And even that one he didn't necessarily earn.
DeRozan was guarded mostly by J.R. Smith and Iman Shumpert, and almost every time he received a screen, he was double-teamed hard and challenged to find open teammates.
Through three quarters, the three-time All-Star was 0-of-9 from the field, and his lone point came at the free-throw line after a technical foul on the Cavs. Once in the fourth, with the game already out of reach, he finally connected on his first two field goals in the 125-103 defeat. DeRozan finished the night with five points, three rebounds, and three assists, shooting 2-of-11 in 31 minutes to continue his career-long playoff woes.
On the other end, LeBron exceeded the 30-point mark for the fifth time in six playoff games this postseason, scoring 39 points on a scorching 10-of-14 shooting from the field to go with six rebounds, four assists, three steals, and two blocks.
"It sucks. It sucks," DeRozan said of going down by two games in such a fashion. "To lose like we did and play like I did sucks. It's frustrating. Now just have the idle time of having to wait until Friday night [Game 3] to redeem yourself."
He then resorted to bribery in an effort to slow James down.
"If you can find somebody to stop LeBron in these moments," DeRozan said, "I'll give you $100."
With his performance, James passed Hall of Famer Kareem Abdul-Jabbar for second all time in career points scored in the playoffs. He now trails Michael Jordan for first on the list by 210 points.
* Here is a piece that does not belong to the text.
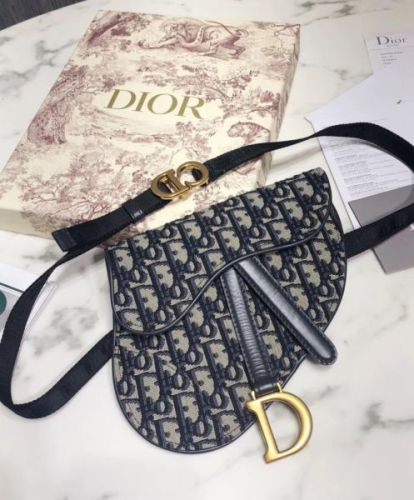 Dior Oblique Saddle Belt Bag Dark Blue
"You hear a name like Kareem, a guy who's done so many great things, not only as an individual but as a teammate," James said. "Winning championships in the '80s and things of that nature and how many points he's put up. He's somebody you read about. I didn't get an opportunity to actually watch him play growing up, but I just read about his accomplishments and things he was able to do, so, it's pretty cool."